--- What you are asked to do ---
Your answer should hold only the lines from the one with "EVERYDAY COTTON HIPSTER" through the end of the records, repeated exactly and minus any pictures.

-.-.-

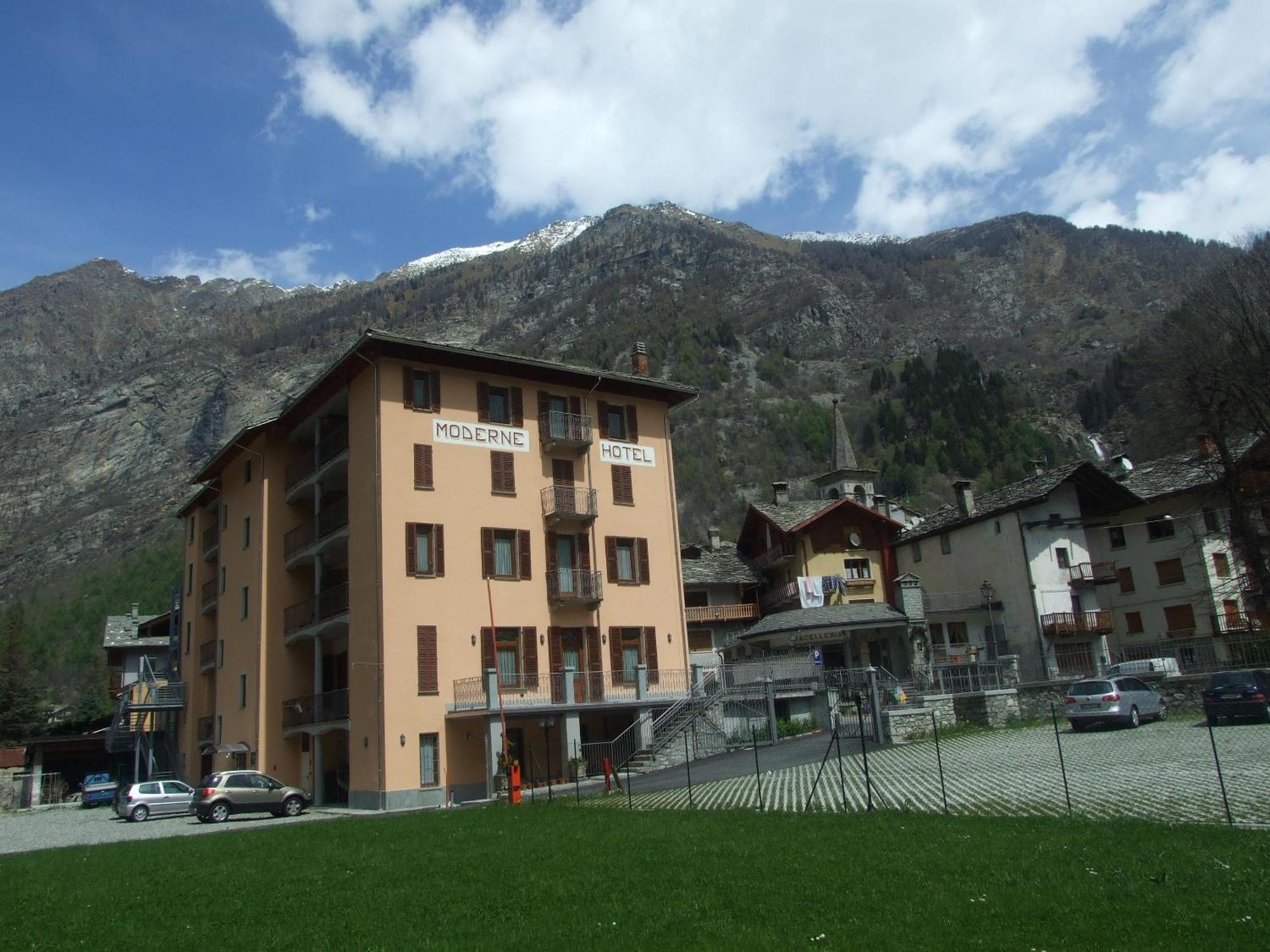 Residence Hotel Moderno Gaby Exterior photo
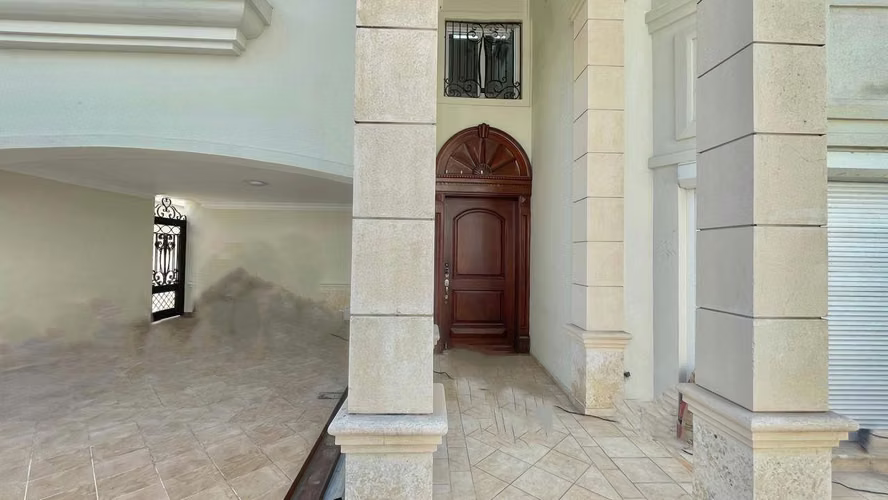 CASA 1ER NIVEL EN ALQUILER COMERCIAL EN LOS CACICAZGOS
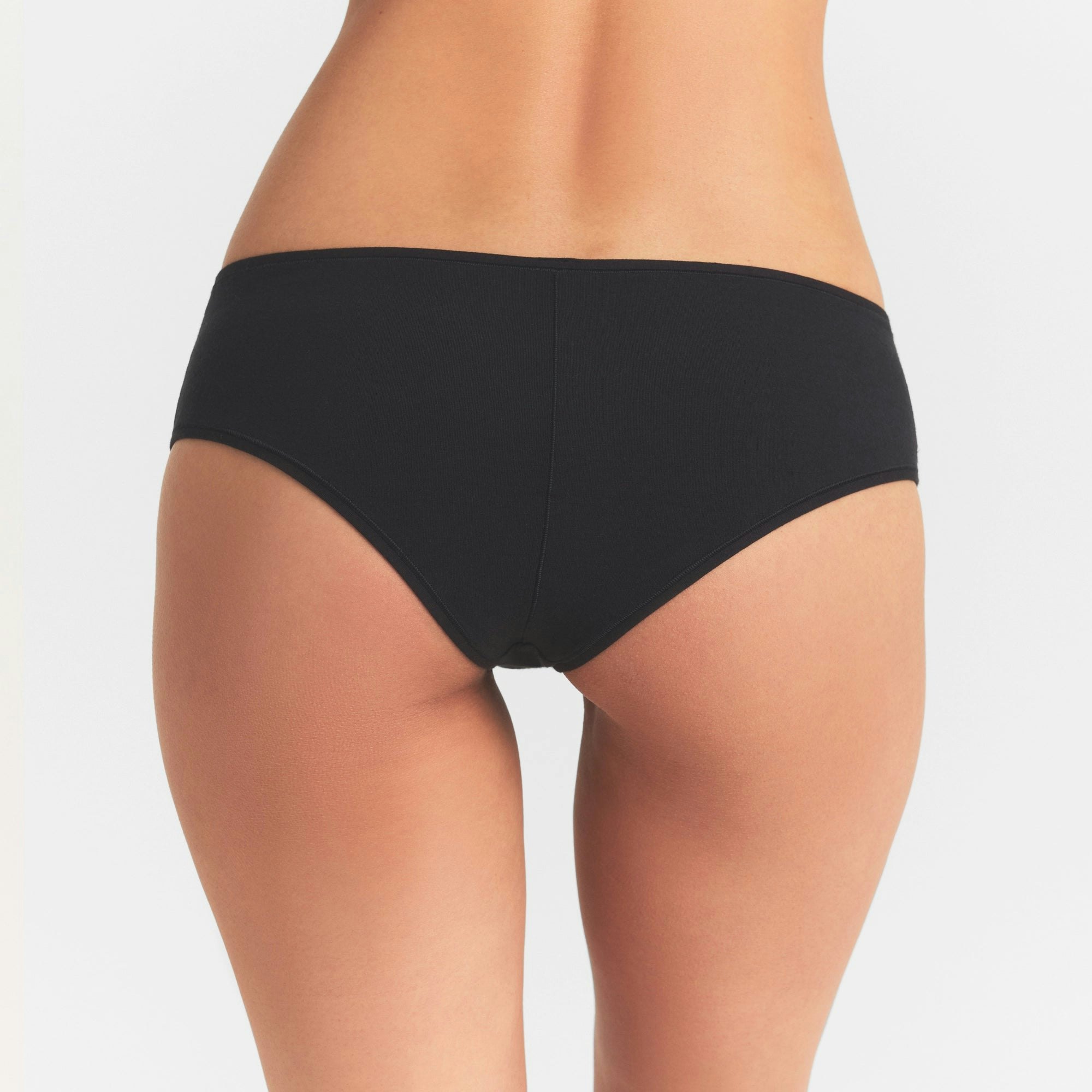 EVERYDAY COTTON HIPSTER | ONYX ON A MODEL SIDE VIEW @ | FOCUS: 0.0, 1.0, 0.9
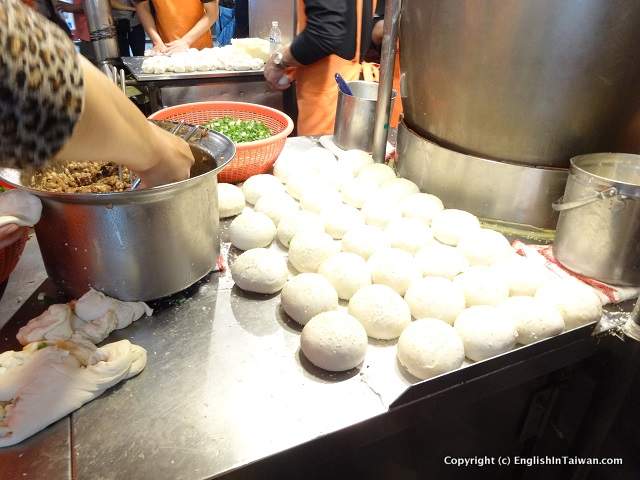 Black Pepper Bun at Raohe Night Market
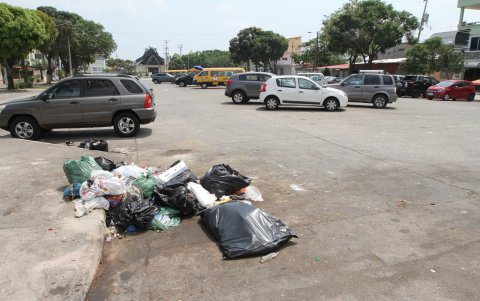 Parqueo. Los vecinos quieren ordenar y llenar de faroles sus alrededores.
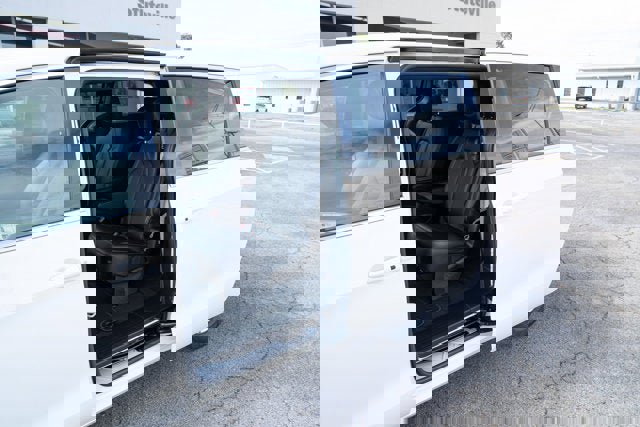 New 2026 Chrysler Pacifica Select image 11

-.-.-

--- Finished exercise ---
 EVERYDAY COTTON HIPSTER | ONYX ON A MODEL SIDE VIEW @ | FOCUS: 0.0, 1.0, 0.9
 Black Pepper Bun at Raohe Night Market
 Parqueo. Los vecinos quieren ordenar y llenar de faroles sus alrededores.
 New 2026 Chrysler Pacifica Select image 11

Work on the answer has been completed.